The idea for the book came from when he first started creating the prints at university in 2008, “unfortunately due to the time and money pressures I was never able to give it the loving attention it deserved until Nobrow contacted me, who facilitated and produced it with such a high level of quality and detail.”

We asked Tom to explain some of the thinking behind the imagery: “It’s my reaction to obsolescence and how quickly technology is replaced by a slightly improved version of its self, this was also fueled by the writings and predictions of the late great Marshall Mcluhan. The title of the book is derived from an interview with him on a tv show in the mid seventies.”

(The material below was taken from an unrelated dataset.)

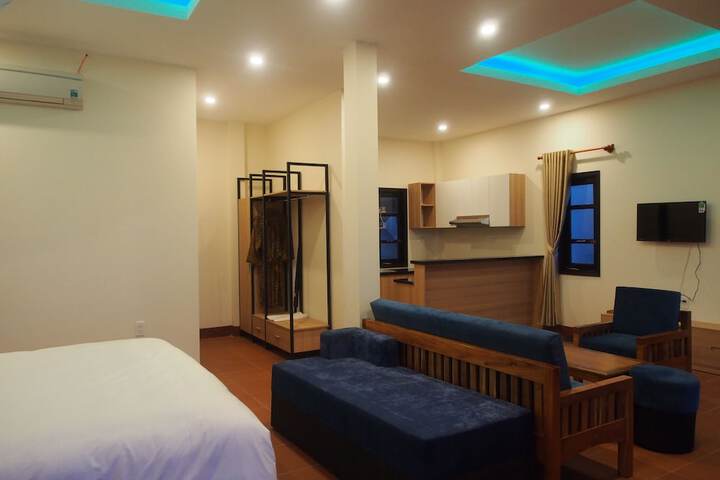 Room 14 of 100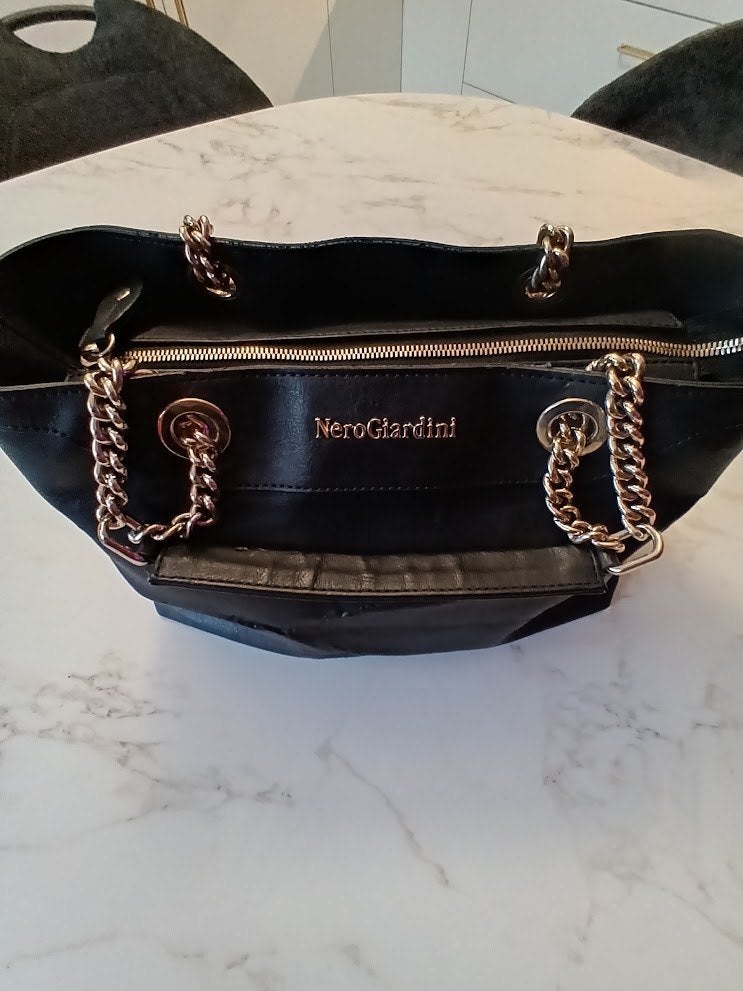 Sac à main noir Nero Giardini avec chaîne dorée, Enlèvement, Utilisé, Noir, Sac à main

In true Nobrow style, Tom has spent half his adult life collecting (or hoarding we should say) secondary sourced technological journals, ‘how to books’ and images of anything which is electrical or mechanical. Most of these come from ‘Europes biggest book barn’ which is very near where he’s from in Somerset. “These images give me the inspiration and ideas to start, and usually a finished illustration will be an amalgamation of a few images I have sourced.” Tom pens and finishes most of his compositions in Illustrator before finally separating the colours for a screenprint.

Tom lists his current influences as: Vintage Tomorrow’s World Journals, the electronic epochs, Terry Gilliam, most of the scenes from ‘Steam Boy’ by Katsuhiro Otomo, Marshall Mcluhan, Jello Biafra and of course Heath Robinson.

With such an exciting body of work already under his belt we can’t wait to see what eclectic futuristic anachronisms he can concoct next.